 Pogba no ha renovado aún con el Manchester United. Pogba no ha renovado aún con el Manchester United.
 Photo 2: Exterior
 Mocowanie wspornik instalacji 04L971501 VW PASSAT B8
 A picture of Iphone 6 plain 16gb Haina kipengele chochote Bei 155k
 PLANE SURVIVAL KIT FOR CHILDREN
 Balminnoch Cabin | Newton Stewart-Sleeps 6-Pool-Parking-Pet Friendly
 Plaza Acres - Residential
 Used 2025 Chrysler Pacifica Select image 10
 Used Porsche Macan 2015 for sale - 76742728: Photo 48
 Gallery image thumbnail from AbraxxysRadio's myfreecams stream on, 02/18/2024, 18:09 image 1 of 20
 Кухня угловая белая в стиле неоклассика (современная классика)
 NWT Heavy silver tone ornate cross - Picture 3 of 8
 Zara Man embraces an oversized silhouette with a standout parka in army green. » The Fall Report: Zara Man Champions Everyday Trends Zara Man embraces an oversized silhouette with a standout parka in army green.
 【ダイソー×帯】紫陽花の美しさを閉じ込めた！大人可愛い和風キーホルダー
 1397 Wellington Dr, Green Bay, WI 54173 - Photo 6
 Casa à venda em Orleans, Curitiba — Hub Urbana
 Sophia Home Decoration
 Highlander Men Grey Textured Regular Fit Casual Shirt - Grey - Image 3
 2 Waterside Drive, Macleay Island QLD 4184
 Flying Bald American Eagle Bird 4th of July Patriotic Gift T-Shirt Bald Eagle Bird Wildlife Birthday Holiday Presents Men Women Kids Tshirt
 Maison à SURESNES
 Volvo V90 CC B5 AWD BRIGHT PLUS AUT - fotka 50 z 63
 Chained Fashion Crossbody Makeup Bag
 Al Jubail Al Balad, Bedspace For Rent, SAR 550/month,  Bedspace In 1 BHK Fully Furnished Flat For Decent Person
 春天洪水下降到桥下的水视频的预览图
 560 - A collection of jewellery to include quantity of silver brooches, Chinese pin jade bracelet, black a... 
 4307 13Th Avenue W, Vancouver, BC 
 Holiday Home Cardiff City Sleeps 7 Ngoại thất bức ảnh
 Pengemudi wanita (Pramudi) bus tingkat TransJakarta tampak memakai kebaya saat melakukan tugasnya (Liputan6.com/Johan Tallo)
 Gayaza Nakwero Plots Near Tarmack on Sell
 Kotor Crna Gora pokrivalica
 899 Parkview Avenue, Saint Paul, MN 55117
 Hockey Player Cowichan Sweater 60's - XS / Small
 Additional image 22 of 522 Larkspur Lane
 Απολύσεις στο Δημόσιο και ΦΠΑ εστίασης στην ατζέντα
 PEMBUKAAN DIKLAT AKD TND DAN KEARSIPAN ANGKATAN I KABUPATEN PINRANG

EXERCISE INSTRUCTIONS =>
Write the entire listing out again, word for word.

EXERCISE RESULT =>
 Pogba no ha renovado aún con el Manchester United. Pogba no ha renovado aún con el Manchester United.
 Photo 2: Exterior
 Mocowanie wspornik instalacji 04L971501 VW PASSAT B8
 A picture of Iphone 6 plain 16gb Haina kipengele chochote Bei 155k
 PLANE SURVIVAL KIT FOR CHILDREN
 Balminnoch Cabin | Newton Stewart-Sleeps 6-Pool-Parking-Pet Friendly
 Plaza Acres - Residential
 Used 2025 Chrysler Pacifica Select image 10
 Used Porsche Macan 2015 for sale - 76742728: Photo 48
 Gallery image thumbnail from AbraxxysRadio's myfreecams stream on, 02/18/2024, 18:09 image 1 of 20
 Кухня угловая белая в стиле неоклассика (современная классика)
 NWT Heavy silver tone ornate cross - Picture 3 of 8
 Zara Man embraces an oversized silhouette with a standout parka in army green. » The Fall Report: Zara Man Champions Everyday Trends Zara Man embraces an oversized silhouette with a standout parka in army green.
 【ダイソー×帯】紫陽花の美しさを閉じ込めた！大人可愛い和風キーホルダー
 1397 Wellington Dr, Green Bay, WI 54173 - Photo 6
 Casa à venda em Orleans, Curitiba — Hub Urbana
 Sophia Home Decoration
 Highlander Men Grey Textured Regular Fit Casual Shirt - Grey - Image 3
 2 Waterside Drive, Macleay Island QLD 4184
 Flying Bald American Eagle Bird 4th of July Patriotic Gift T-Shirt Bald Eagle Bird Wildlife Birthday Holiday Presents Men Women Kids Tshirt
 Maison à SURESNES
 Volvo V90 CC B5 AWD BRIGHT PLUS AUT - fotka 50 z 63
 Chained Fashion Crossbody Makeup Bag
 Al Jubail Al Balad, Bedspace For Rent, SAR 550/month,  Bedspace In 1 BHK Fully Furnished Flat For Decent Person
 春天洪水下降到桥下的水视频的预览图
 560 - A collection of jewellery to include quantity of silver brooches, Chinese pin jade bracelet, black a... 
 4307 13Th Avenue W, Vancouver, BC 
 Holiday Home Cardiff City Sleeps 7 Ngoại thất bức ảnh
 Pengemudi wanita (Pramudi) bus tingkat TransJakarta tampak memakai kebaya saat melakukan tugasnya (Liputan6.com/Johan Tallo)
 Gayaza Nakwero Plots Near Tarmack on Sell
 Kotor Crna Gora pokrivalica
 899 Parkview Avenue, Saint Paul, MN 55117
 Hockey Player Cowichan Sweater 60's - XS / Small
 Additional image 22 of 522 Larkspur Lane
 Απολύσεις στο Δημόσιο και ΦΠΑ εστίασης στην ατζέντα
 PEMBUKAAN DIKLAT AKD TND DAN KEARSIPAN ANGKATAN I KABUPATEN PINRANG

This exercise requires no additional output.